Vikariatsszeit vom bundesdeutschem Recht nicht anerkannt
In den Unterlagen zum Kirchenkampf entdecke Schäfer seinen Vater auf der Liste der „illegalen Jungtheologen“. So nannte man junger Pfarrer, die vor dem Bruderrat der Bekennenden Kirche ihr Examen abgelegt hatten. Diese besaßen keine staatlich anerkannte Ausbildung und taten aus nationalsozialistischer Sicht ihren Dienst illegal. Wer diesen Weg einschlug, hatte keine gesicherte berufliche Zukunft und keinen verbrieften Anspruch auf Versorgungsbezüge im Alter. Den Juristen Schäfer bestürzte es, dass seinem Vater bei der Berechnung der Pension in den späten siebziger Jahren tatsächlich die Zeit als Vikar in der Bekennenden Kirche nicht rentensteigernd angerechnet oder in anderer Weise finanziell ausgeglichen wurde.
Geistlich geprägt durch den evangelischen Posaunenchor
Heinrich Schäfer war der Sohn eines Kutschers, aber nicht irgendeinen Kutschers. Sein Vater war „fürstlicher Kutscher“ des Fürsten zu Solms-Hohensolms. Im Schloss wuchs Heinrich auf und in Lich ging er zur Schule. Bereits als Schüler spielte er die Orgel in Gottesdiensten, sang im Chor und stellte theologische und liturgische Fragen. Entscheidend geprägt hat ihn der Licher Posaunenchor, in den er mit 13 Jahren eintrat. Sohn Karl Heinrich Schäfer vermutet, dass dort die geistliche Grundlage für die Lebensentscheidung seines Vaters gereift ist.

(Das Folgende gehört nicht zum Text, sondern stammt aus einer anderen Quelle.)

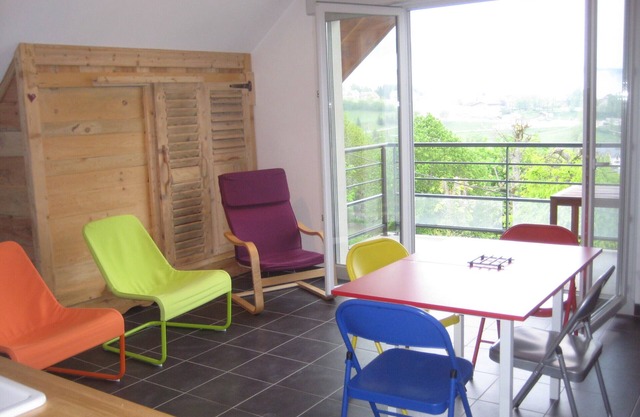 2 room apartment 4 people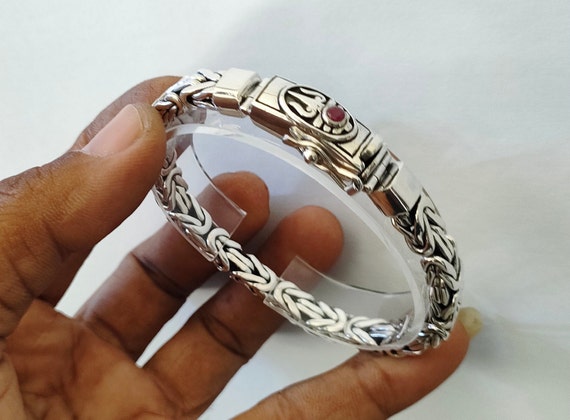 OM Ohm Aum Symbolic Religion Jewelry Stainless Steel Hindu Cuff Bracel –  Myjewel India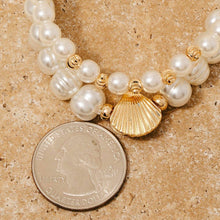 Load image into Gallery viewer, Clam Shell Charm Pearl Beaded Bracelet Set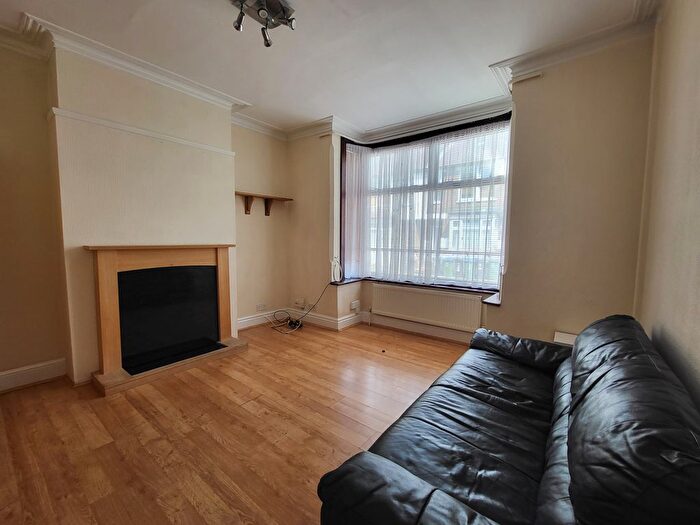 3 Bedroom Terraced House To Rent In Gladstone Road, Watford, WD17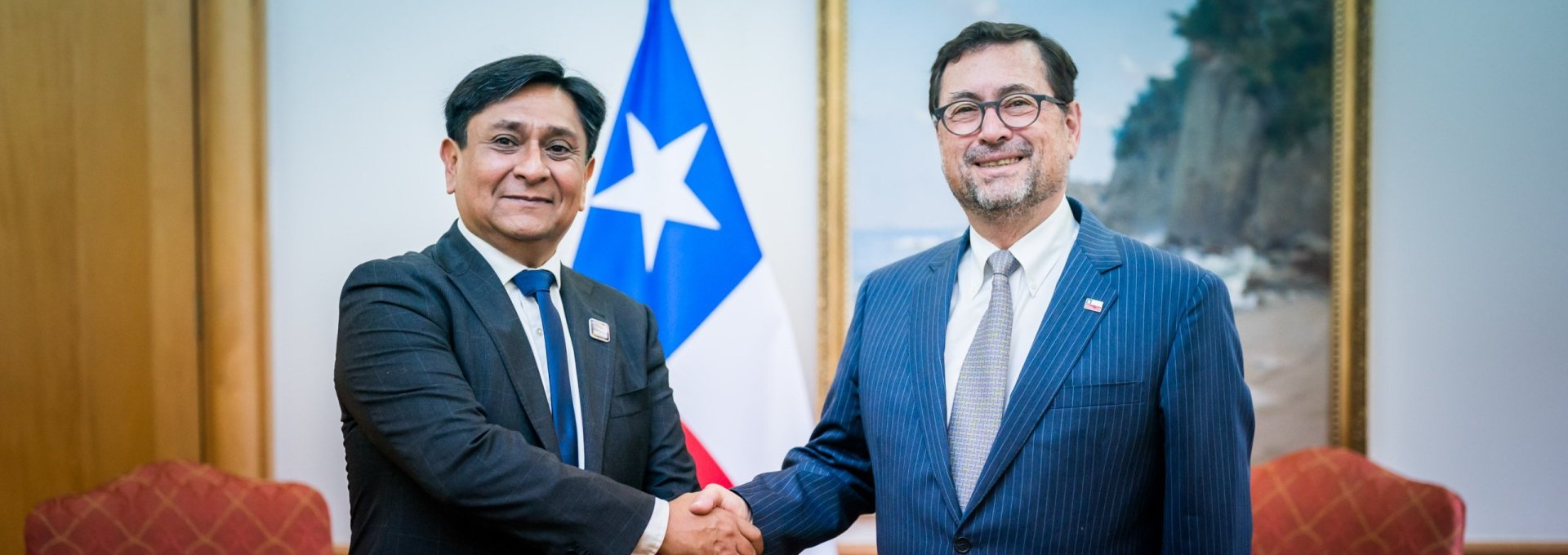 Canciller se reúne con el gobernador de Antofagasta y destaca ventajas del Corredor Bioceánico Vial para la zona norte del país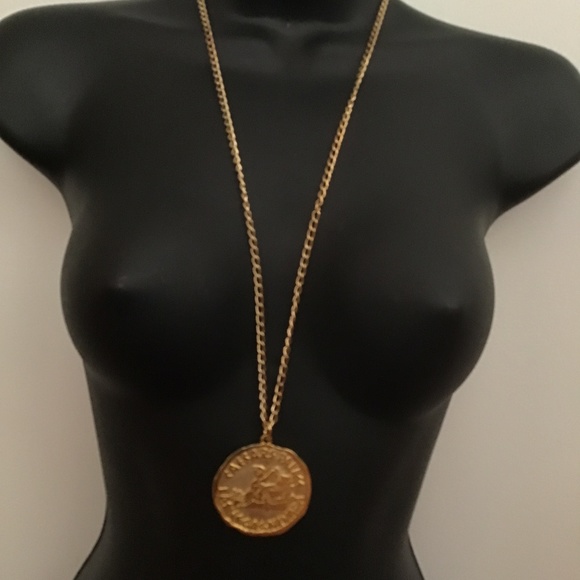 Caesars Palace Vintage Gold Medallions - Picture 2 of 4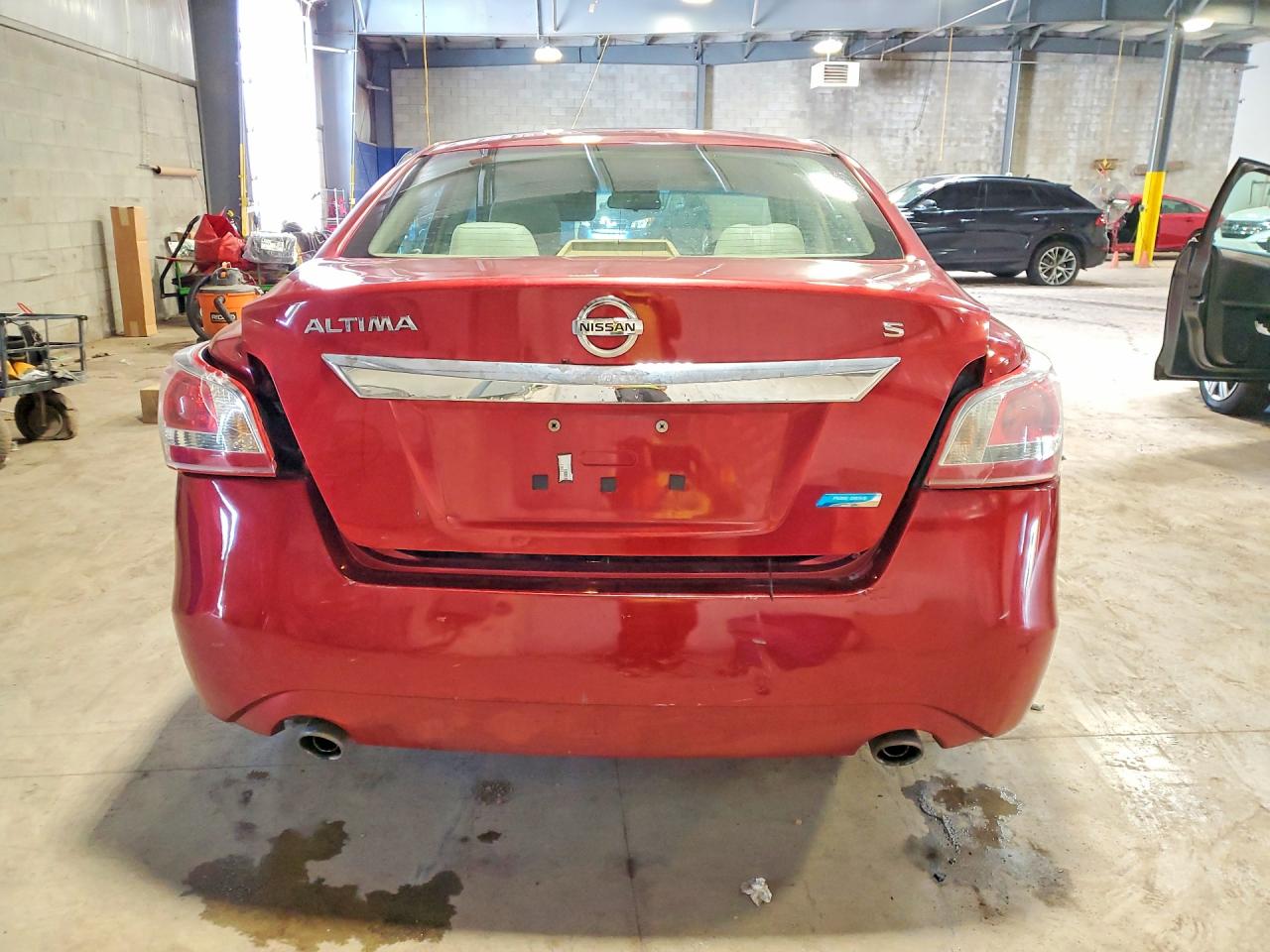 2013 Nissan Altima 2.5 Red vin: 1N4AL3AP9DC249187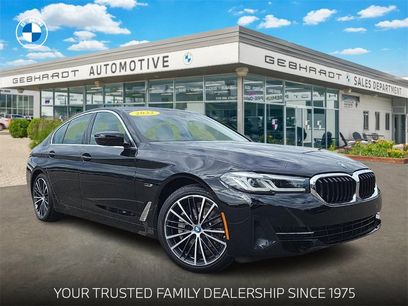 Used 2022 BMW 530e xDrive w/ Premium Package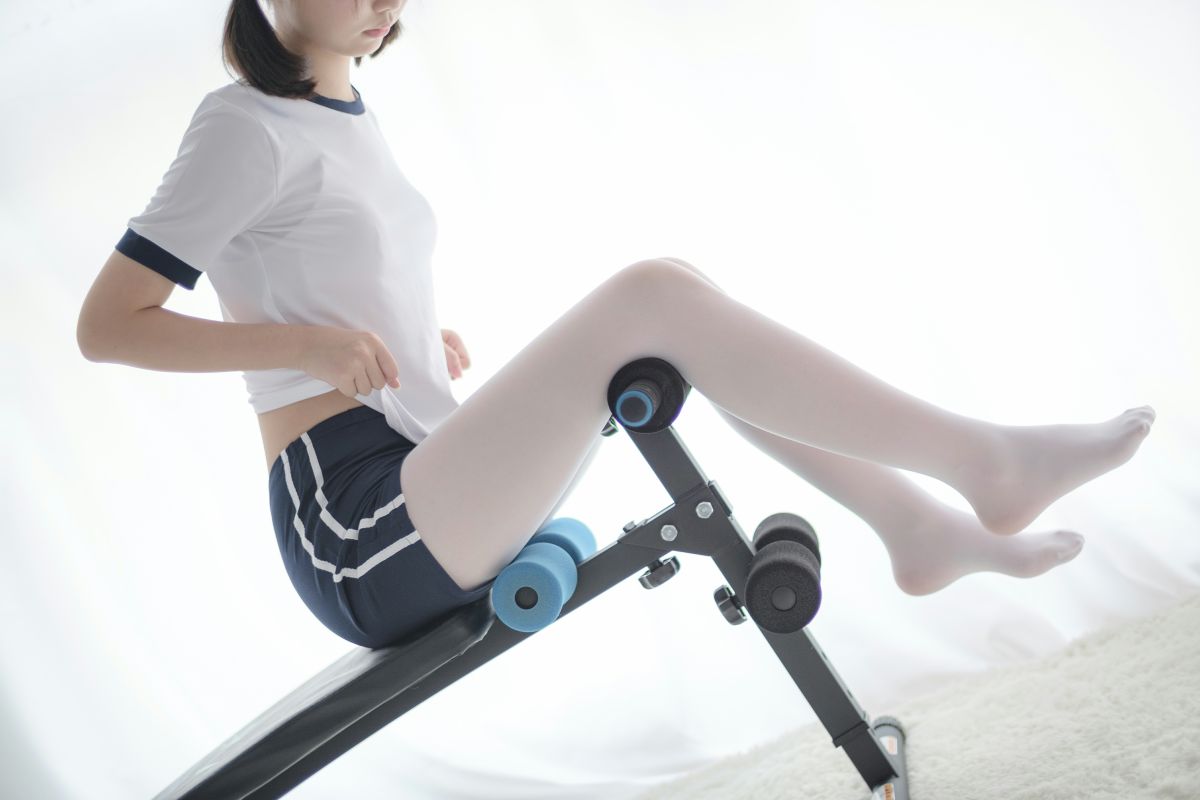 [森萝财团]R15-013白丝运动少女 – COSPLAY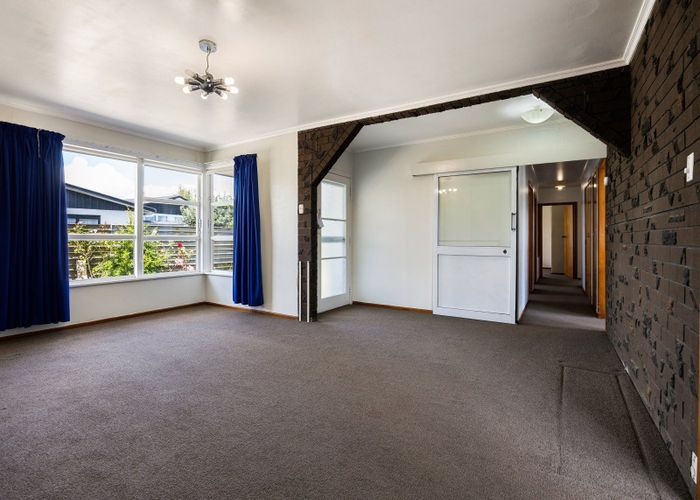  at 10 Rosalind Street, Deanwell, Hamilton, Waikato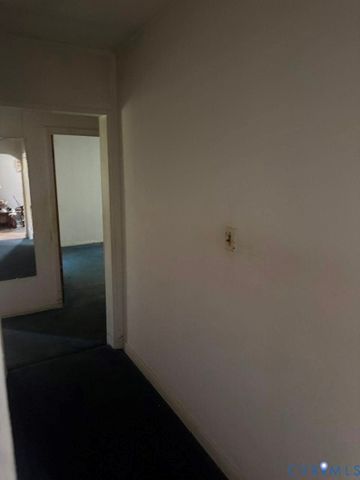1623 W Chapel Dr, Bumpass, VA 23024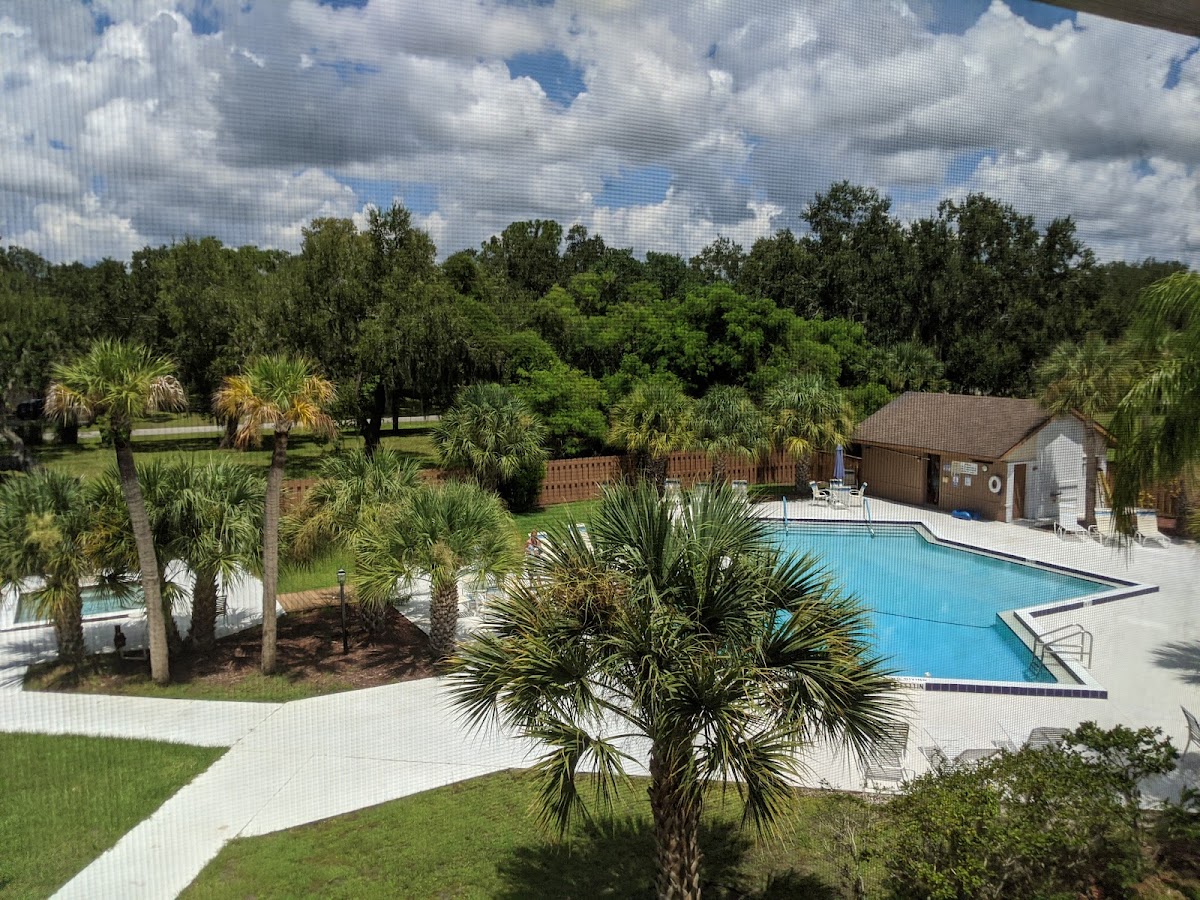 Charlotte Bay Resort and Club photo 2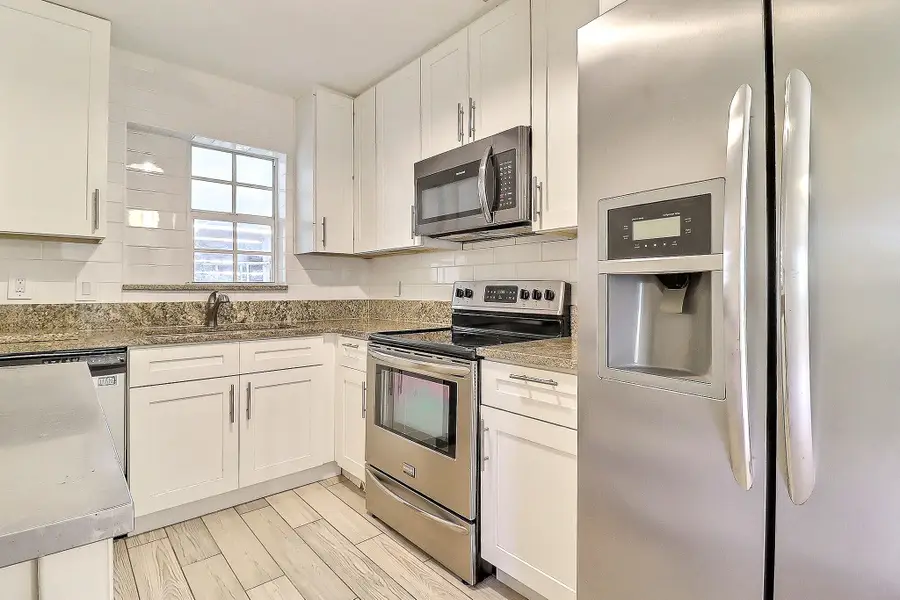 337 Mid Pines Road, Palm Springs, FL 33461 - #3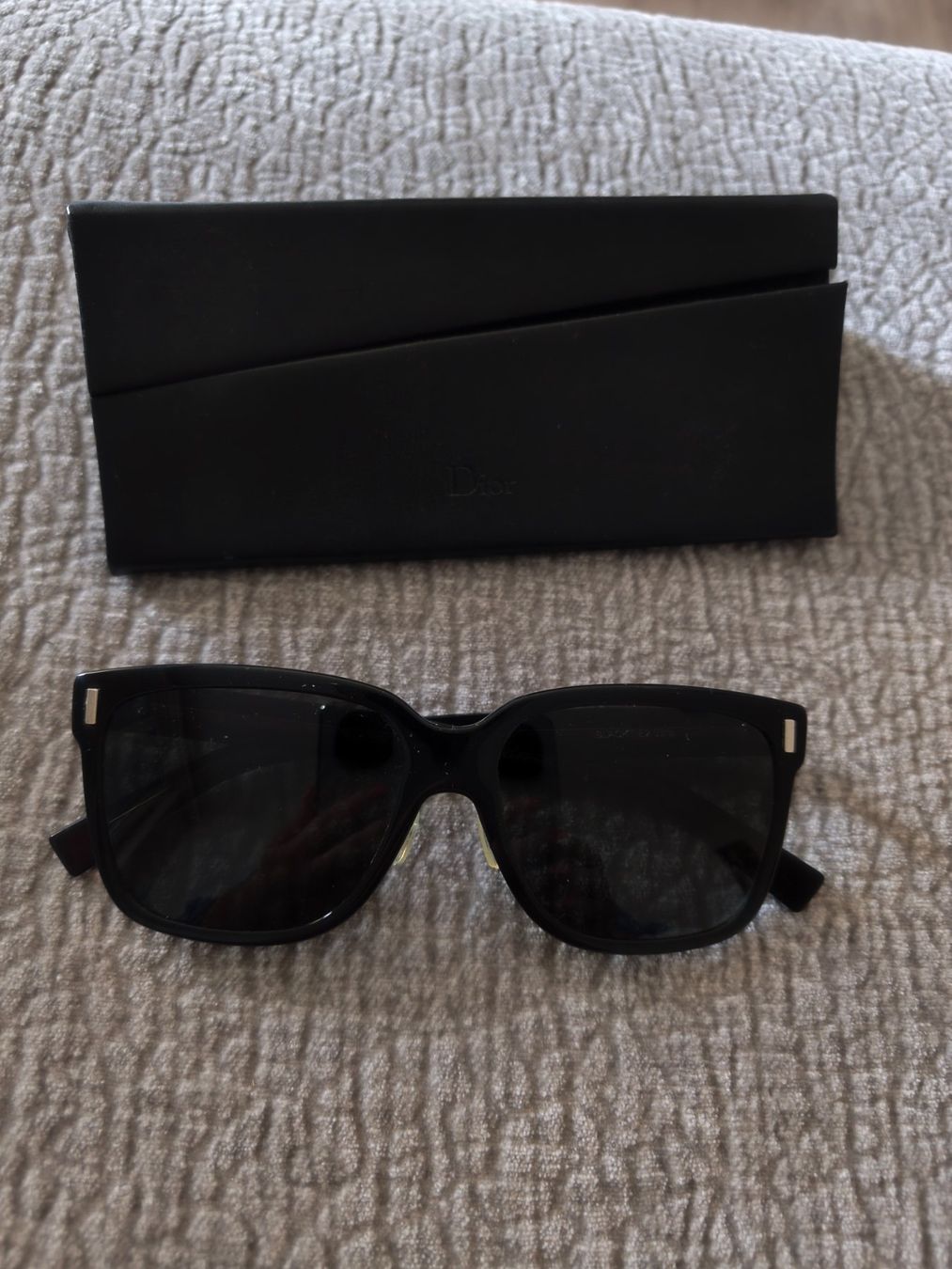 Lunettes & Verres: Prada Sonnenbrille – D'occasion à Tagelswangen par son_z88g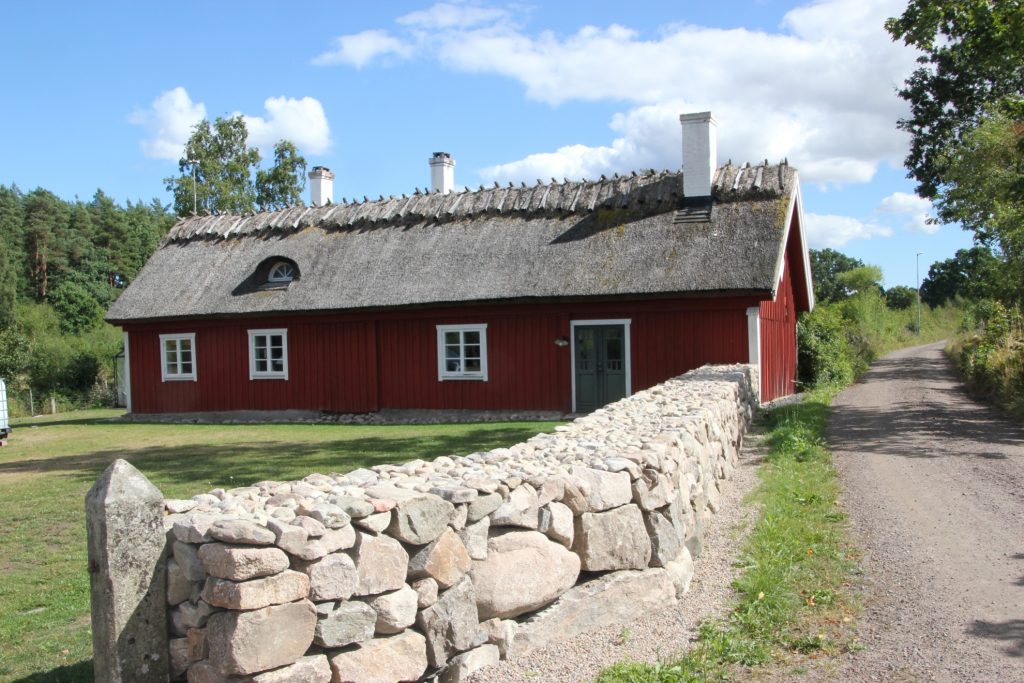 Husets framsida. Cottage garden för  blom- färgälskaren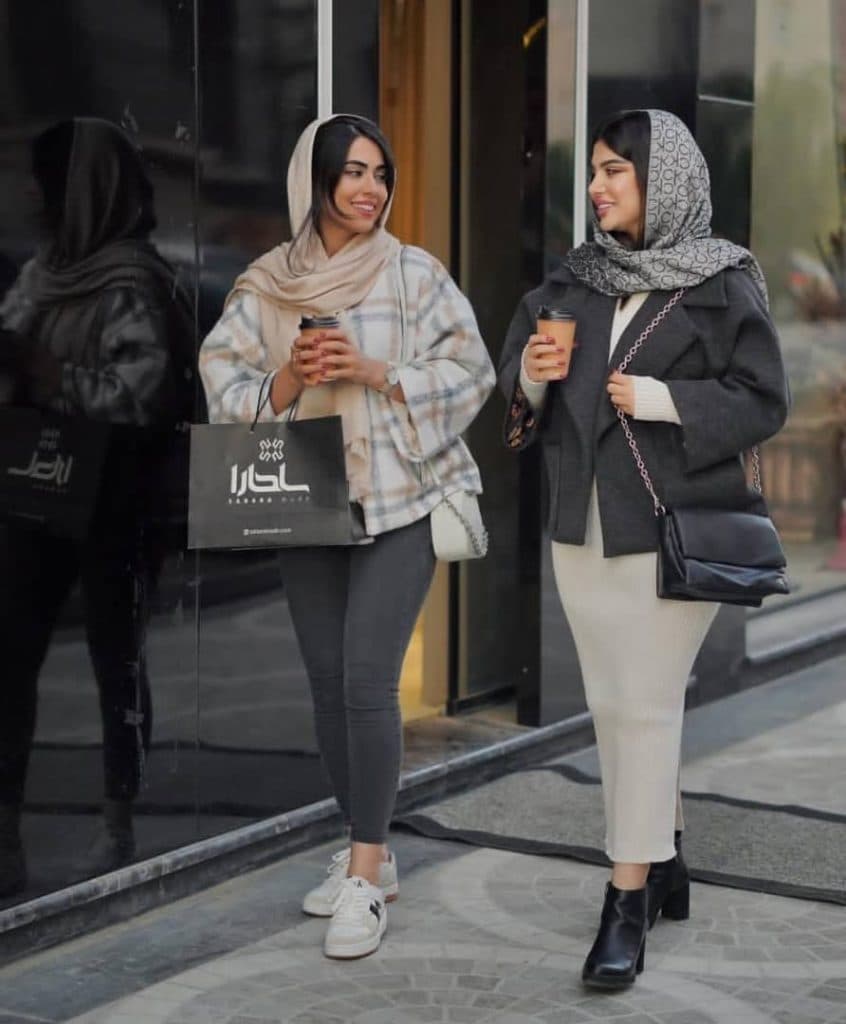 گالری پوشاک اورجینال ساحارا در بابل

Heinrich Schäfer studiert Theologie, ab 1931 in Bethel, wo er Griechisch, Hebräisch und Latein lernt. 1932 wechselt er an die Universität nach Gießen, wo er 1934 Mitglied der Bekennenden Kirche wird. Bereits 1935 meldet sich der junge Mann zum Examen an, allerdings nicht an der Universität, sondern beim Landesbruderrat. Nach dem Ersten Examen 1936 wird Schäfer Vikar in Queck und besucht das Theologische Seminar der Bekennenden Kirche in Frankfurt am Main. Nach der Zweiten Theologischen Prüfung vor dem Landesbruderrat im Jahr 1938 und der Ordination wird Schäfer im März 1939 von der Gestapo aus dem Kirchengebiet Hessen ausgewiesen und wechselt nach Frankfurt. Nach seinem Wehrdienst folgt eine kurze Dienstzeit als Pfarrer des Pfarrernotbundes, und ab 1940 ist Schäfer als Soldat eingezogen, heiratet 1942 in Uniform und gerät schließlich in Gefangenschaft.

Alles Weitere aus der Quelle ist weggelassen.